Loretta Lynch on Capitol Hill: Holder's Corrupt Legacy Lives On
Attorney General disgraces her office with evasion and obfuscation under questioning.
FBI Director James Comey’s decision not to recommend charges against Hillary Clinton did not preclude Attorney General Loretta Lynch from pursuing an indictment. She was not bound in any way by Comey’s findings and conclusions and could have drawn independent conclusions of her own. She chose however, to play it safe and toe the party line.
When Lynch took over for Eric Holder – who transformed the U.S. Justice Department into a bastion of radical leftist extremism – there were high hopes. Despite some reservations, Lynch had a decent reputation and besides, no replacement could have possibly been worse than Holder, whose antics in dealing with the House Oversight and Government Reform Committee nearly got him cited for contempt of court.

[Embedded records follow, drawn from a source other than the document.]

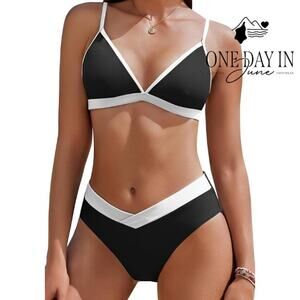 Charmo Triangle High Cut Bikini Swimsuit Size M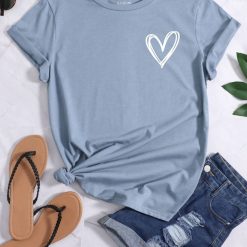 Heart Print Round Neck Tee TPKJ1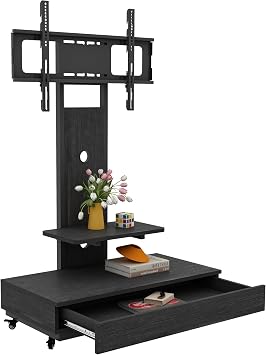 TV Stand with Sliding Drawer, Floor Stand with Lockable Wheel Mount, 32-75 Inch Mobile TV Cart for Living Room, Bedroom, Office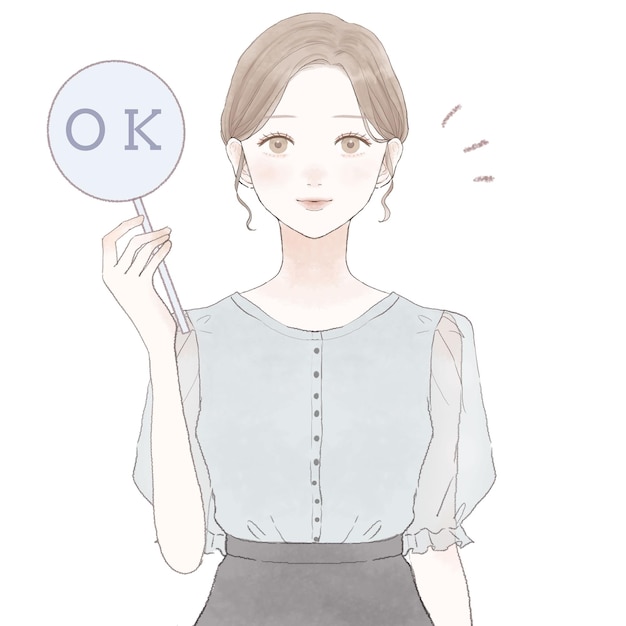 Woman with OK sign. On white background.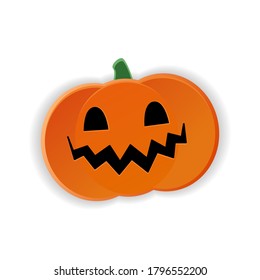 Halloween pumpkin icon, sticker. Isolated vector illustration.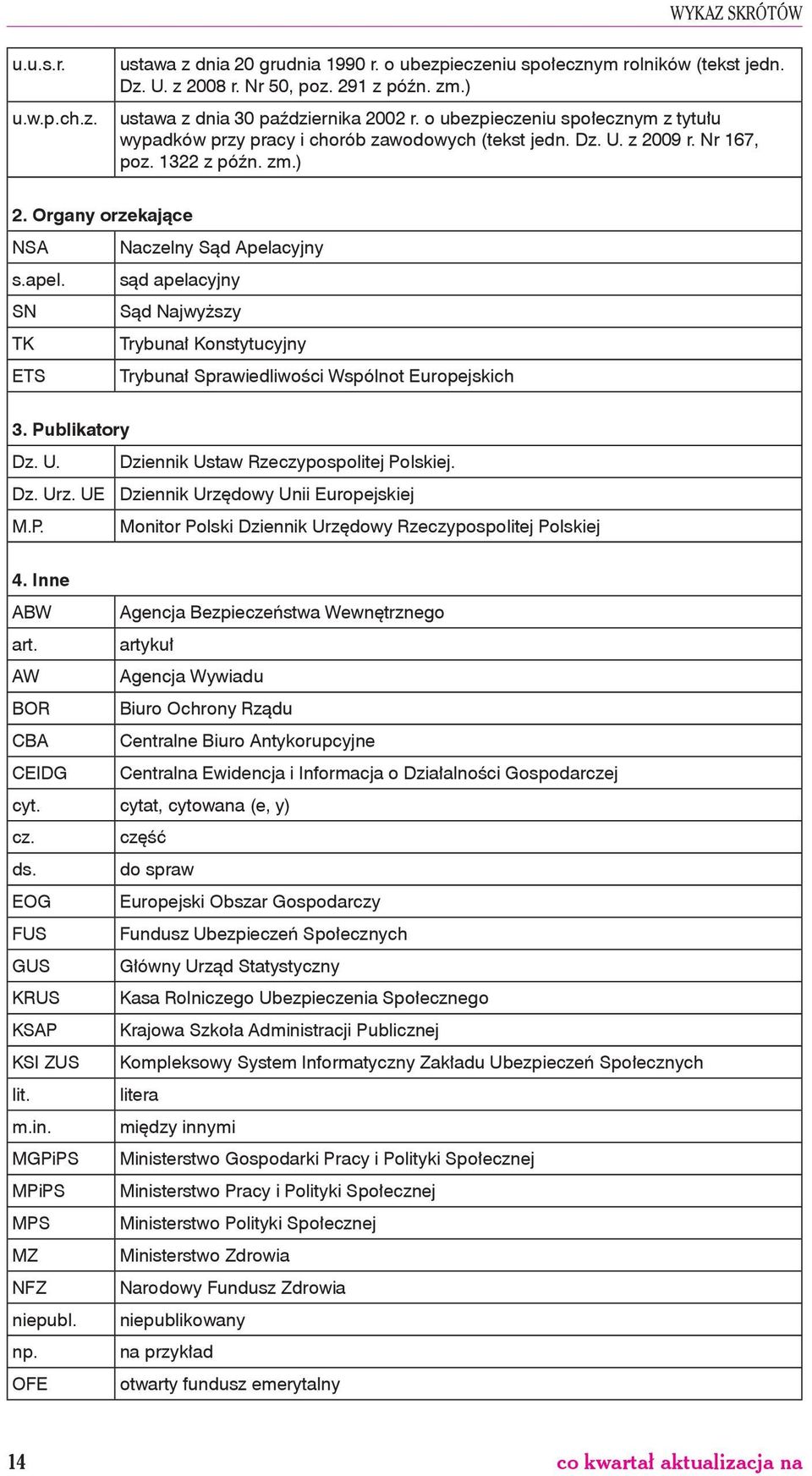 sąd apelacyjny SN Sąd Najwyższy TK Trybunał Konstytucyjny ETS Trybunał Sprawiedliwości Wspólnot Europejskich 3. Publikatory Dz. U. Dziennik Ustaw Rzeczypospolitej Polskiej. Dz. Urz.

Sadly however, the same partisan forces that drove Holder and dictated his corrupt actions have not dissipated with the changing of the guard. Lynch has proven to be as adept as her predecessor in twisting the law and carrying out justice on a selective basis. Her testimony today before the House Judiciary Committee, where she dodged, deflected and obfuscated, served to underscore the fact that justice under the Obama administration is carried out on a selective basis. That basis has absolutely nothing to do with the law and everything to do with political persuasion and party affiliation.
Under questioning from House committee members, Lynch repeatedly deferred to Director Comey and refused to address in any detail matters relating to Clinton’s use of an unsecured bathroom server to send and receive 110 classified emails. Lynch’s evasive testimony stands in marked contrast to Director Comey, whose forthrightness in addressing tough questions by House committee members was commended by some Republicans.
Rep. Trey Gowdy, (R-S.C.), noted that Lynch’s “lack of clarity is bad for the republic.” That sentiment was echoed by Rep Jason Chaffetz (R-Utah) who bluntly told Lynch that she was “sending a terrible message to the world,” and that her “lack of clarity” before the committee was “pretty stunning.”
The harsh tone was understandable. Americans pride themselves in having the best and most developed justice system in the world. But Lynch’s shameful conduct during this whole sordid affair and in particular, before the House Judiciary Committee, casts a pall over the entire judicial process and conveys the message that criminal investigations conducted by the Justice Department are guided by political expediency and ideological dictates.
Lynch should have recused herself from this case for three reasons. First, she was charged with potentially prosecuting a person who was appointed by her boss and that calls into question her boss’s judgment. Second, she was nominated by President Bill Clinton to serve as the U.S. Attorney for the Eastern District of New York. And third, she conducted an inappropriate ex-parte meeting with Bill Clinton in Phoenix.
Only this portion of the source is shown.